#### Task objective
Make an exact copy, from the records below, of the lines from the line containing "A large Turkish" to the line containing "Yakın plan. Eldivenli", both lines included, excluding pictures.

#### Exercise inputs
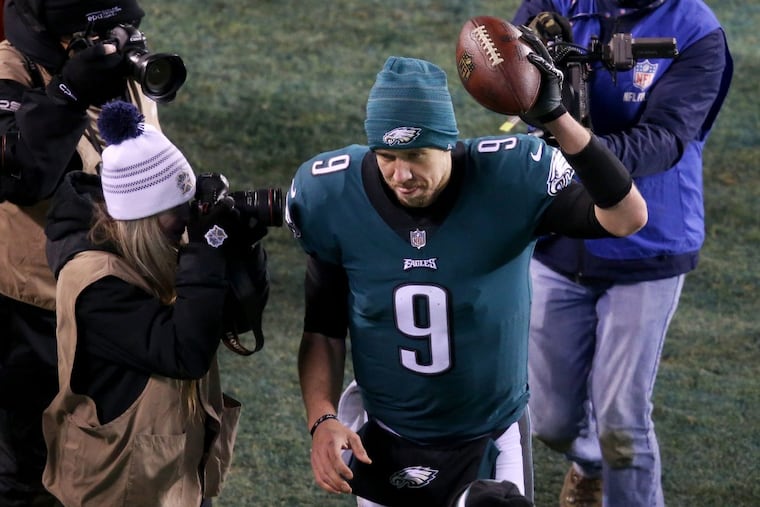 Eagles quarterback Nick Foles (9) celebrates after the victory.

---

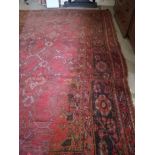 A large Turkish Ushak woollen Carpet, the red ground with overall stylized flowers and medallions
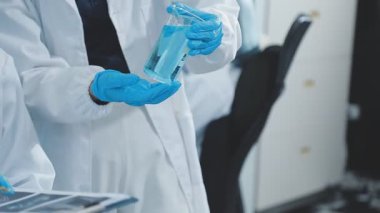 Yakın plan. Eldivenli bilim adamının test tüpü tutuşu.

#### Answer section
 A large Turkish Ushak woollen Carpet, the red ground with overall stylized flowers and medallions
 Yakın plan. Eldivenli bilim adamının test tüpü tutuşu.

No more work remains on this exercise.